- **TASK REQUIREMENTS**
Below are the records; give again exactly the line with "Stunning landscape view", the line with "Una pantalla gigante", and each line that lies between them, and nothing besides.

- **Stored entries**

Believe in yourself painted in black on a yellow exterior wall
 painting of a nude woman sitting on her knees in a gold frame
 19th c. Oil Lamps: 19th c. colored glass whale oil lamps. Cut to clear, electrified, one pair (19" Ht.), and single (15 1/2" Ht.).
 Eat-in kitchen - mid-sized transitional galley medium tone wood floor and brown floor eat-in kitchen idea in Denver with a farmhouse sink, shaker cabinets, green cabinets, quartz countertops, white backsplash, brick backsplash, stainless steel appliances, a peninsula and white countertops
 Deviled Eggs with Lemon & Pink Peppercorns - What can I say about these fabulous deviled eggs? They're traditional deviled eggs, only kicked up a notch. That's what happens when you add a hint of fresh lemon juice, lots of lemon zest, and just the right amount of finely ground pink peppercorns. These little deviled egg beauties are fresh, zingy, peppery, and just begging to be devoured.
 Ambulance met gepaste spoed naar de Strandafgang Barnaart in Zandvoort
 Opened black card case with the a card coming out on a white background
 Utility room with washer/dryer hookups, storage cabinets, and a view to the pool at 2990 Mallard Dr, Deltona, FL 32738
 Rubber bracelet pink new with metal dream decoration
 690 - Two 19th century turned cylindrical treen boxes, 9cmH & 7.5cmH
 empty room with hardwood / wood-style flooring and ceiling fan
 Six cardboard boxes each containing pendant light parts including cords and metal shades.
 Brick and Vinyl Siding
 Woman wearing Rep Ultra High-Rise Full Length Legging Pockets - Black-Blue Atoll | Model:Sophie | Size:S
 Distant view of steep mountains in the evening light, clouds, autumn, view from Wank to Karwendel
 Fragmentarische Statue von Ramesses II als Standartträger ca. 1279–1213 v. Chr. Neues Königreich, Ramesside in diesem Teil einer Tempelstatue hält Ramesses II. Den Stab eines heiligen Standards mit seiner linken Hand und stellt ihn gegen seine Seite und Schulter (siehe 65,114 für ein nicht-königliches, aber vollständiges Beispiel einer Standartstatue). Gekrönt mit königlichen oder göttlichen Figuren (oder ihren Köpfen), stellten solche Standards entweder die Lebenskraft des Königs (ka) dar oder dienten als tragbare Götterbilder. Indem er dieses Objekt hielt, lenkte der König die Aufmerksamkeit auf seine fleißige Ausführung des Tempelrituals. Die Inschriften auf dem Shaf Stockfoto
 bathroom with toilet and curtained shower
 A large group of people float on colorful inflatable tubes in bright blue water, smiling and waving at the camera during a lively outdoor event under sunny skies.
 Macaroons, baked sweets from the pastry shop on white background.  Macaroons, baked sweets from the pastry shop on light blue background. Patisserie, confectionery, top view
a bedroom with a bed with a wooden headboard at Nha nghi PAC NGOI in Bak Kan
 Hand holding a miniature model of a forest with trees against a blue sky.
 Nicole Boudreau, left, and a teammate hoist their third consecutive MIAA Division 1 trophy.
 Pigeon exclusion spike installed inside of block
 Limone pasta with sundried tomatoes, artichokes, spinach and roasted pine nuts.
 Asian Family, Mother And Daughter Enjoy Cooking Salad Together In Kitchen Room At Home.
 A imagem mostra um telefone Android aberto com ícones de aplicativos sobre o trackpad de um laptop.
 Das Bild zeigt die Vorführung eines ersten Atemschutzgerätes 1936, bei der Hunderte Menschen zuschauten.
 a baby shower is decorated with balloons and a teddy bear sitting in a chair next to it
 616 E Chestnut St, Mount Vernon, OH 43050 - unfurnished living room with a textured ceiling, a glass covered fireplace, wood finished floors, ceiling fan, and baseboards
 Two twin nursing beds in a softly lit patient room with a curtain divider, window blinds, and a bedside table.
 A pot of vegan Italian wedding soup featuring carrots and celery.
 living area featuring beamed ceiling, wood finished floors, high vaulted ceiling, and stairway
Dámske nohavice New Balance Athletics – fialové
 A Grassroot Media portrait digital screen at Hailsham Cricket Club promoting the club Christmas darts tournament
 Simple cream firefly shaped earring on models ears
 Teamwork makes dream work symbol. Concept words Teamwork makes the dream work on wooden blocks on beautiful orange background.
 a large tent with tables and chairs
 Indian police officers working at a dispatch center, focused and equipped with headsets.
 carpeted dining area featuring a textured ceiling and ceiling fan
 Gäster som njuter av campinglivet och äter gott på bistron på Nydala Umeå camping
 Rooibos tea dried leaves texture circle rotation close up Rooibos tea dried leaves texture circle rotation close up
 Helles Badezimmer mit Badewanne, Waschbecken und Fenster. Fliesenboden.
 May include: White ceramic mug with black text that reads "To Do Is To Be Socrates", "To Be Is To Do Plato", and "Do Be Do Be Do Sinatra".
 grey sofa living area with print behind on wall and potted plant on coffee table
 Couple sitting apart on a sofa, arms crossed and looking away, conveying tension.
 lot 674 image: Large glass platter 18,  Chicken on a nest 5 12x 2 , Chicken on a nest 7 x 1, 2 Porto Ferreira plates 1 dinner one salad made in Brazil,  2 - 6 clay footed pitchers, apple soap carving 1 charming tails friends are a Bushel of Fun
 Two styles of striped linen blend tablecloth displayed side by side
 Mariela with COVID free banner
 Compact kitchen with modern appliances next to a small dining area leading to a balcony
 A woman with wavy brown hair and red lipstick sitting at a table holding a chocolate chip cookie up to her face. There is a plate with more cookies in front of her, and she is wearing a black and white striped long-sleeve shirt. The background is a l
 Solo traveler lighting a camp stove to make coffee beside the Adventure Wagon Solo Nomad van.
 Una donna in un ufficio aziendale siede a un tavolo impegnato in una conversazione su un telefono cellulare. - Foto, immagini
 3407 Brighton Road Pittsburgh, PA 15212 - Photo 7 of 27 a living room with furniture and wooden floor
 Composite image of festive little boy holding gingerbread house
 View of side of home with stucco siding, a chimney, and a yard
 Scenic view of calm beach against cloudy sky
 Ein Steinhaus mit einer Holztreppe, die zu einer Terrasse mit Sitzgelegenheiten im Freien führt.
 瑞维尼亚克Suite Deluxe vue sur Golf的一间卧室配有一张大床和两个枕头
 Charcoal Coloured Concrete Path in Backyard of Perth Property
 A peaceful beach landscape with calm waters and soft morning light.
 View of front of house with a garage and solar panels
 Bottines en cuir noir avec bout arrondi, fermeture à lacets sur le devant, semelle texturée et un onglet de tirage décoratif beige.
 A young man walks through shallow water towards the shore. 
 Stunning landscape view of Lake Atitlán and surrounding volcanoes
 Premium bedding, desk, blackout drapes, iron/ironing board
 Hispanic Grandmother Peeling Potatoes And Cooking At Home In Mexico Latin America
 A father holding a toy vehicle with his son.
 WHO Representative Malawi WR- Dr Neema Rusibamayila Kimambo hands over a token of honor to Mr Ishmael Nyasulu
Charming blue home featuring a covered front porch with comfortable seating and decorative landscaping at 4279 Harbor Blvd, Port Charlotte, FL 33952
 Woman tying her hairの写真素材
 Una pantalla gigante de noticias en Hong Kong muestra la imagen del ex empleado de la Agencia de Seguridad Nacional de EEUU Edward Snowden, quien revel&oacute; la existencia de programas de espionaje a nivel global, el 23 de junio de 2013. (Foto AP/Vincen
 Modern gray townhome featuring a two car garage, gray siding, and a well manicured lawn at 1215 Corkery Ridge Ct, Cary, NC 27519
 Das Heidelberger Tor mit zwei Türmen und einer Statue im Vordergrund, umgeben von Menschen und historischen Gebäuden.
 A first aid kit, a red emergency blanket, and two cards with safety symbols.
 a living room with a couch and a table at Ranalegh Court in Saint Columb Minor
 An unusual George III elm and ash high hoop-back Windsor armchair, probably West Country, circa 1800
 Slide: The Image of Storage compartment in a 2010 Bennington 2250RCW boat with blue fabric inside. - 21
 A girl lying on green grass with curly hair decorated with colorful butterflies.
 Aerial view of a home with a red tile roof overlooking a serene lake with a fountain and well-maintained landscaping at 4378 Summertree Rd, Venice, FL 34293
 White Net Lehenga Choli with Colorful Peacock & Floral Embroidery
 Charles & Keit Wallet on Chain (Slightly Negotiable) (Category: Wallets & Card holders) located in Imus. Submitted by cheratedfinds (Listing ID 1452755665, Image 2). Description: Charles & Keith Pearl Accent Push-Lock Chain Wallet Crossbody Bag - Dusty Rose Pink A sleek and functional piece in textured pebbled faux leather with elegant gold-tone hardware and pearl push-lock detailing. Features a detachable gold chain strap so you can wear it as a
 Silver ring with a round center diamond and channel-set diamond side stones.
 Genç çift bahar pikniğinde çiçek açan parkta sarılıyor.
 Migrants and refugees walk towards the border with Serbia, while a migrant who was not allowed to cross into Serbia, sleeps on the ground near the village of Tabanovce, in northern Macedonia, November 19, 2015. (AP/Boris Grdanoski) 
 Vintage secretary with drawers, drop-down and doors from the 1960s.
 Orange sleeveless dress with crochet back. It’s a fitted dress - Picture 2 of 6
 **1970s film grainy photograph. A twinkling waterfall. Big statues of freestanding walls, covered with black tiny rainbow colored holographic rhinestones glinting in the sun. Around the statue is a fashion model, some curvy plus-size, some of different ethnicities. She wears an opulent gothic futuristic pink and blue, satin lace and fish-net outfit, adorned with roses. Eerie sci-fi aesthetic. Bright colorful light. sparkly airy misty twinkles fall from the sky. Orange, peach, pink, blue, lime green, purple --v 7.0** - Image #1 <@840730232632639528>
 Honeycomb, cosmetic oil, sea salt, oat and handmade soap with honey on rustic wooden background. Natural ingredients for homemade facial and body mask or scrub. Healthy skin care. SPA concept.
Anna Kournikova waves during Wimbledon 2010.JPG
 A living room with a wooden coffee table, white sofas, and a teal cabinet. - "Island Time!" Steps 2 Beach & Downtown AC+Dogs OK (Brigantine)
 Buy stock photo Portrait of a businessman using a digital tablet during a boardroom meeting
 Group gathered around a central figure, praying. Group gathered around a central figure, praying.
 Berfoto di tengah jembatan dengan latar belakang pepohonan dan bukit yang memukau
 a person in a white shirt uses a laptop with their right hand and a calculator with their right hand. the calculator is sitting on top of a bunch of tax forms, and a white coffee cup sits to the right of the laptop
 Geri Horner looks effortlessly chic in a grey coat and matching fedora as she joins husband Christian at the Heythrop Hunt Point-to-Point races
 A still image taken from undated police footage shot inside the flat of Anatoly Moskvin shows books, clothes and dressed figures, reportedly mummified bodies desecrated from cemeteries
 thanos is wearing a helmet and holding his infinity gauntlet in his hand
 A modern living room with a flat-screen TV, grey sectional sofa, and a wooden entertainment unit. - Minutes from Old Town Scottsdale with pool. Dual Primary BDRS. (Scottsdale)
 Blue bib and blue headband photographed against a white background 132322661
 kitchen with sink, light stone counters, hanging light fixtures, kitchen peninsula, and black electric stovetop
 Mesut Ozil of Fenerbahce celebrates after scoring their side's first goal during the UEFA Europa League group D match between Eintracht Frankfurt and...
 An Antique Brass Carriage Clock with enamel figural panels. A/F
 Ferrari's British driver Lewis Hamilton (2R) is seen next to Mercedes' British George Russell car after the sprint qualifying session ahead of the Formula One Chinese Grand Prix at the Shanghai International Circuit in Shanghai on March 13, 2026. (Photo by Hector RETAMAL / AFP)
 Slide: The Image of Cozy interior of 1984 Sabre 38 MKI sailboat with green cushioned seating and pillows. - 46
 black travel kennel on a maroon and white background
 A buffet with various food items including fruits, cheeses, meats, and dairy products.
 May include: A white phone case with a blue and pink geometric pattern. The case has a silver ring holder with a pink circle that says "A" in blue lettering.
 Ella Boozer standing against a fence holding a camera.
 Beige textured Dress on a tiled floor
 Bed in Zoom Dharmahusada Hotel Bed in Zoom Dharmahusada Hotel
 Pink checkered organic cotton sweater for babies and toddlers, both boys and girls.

- **SOLUTION**
 Stunning landscape view of Lake Atitlán and surrounding volcanoes
 Premium bedding, desk, blackout drapes, iron/ironing board
 Hispanic Grandmother Peeling Potatoes And Cooking At Home In Mexico Latin America
 A father holding a toy vehicle with his son.
 WHO Representative Malawi WR- Dr Neema Rusibamayila Kimambo hands over a token of honor to Mr Ishmael Nyasulu
Charming blue home featuring a covered front porch with comfortable seating and decorative landscaping at 4279 Harbor Blvd, Port Charlotte, FL 33952
 Woman tying her hairの写真素材
 Una pantalla gigante de noticias en Hong Kong muestra la imagen del ex empleado de la Agencia de Seguridad Nacional de EEUU Edward Snowden, quien revel&oacute; la existencia de programas de espionaje a nivel global, el 23 de junio de 2013. (Foto AP/Vincen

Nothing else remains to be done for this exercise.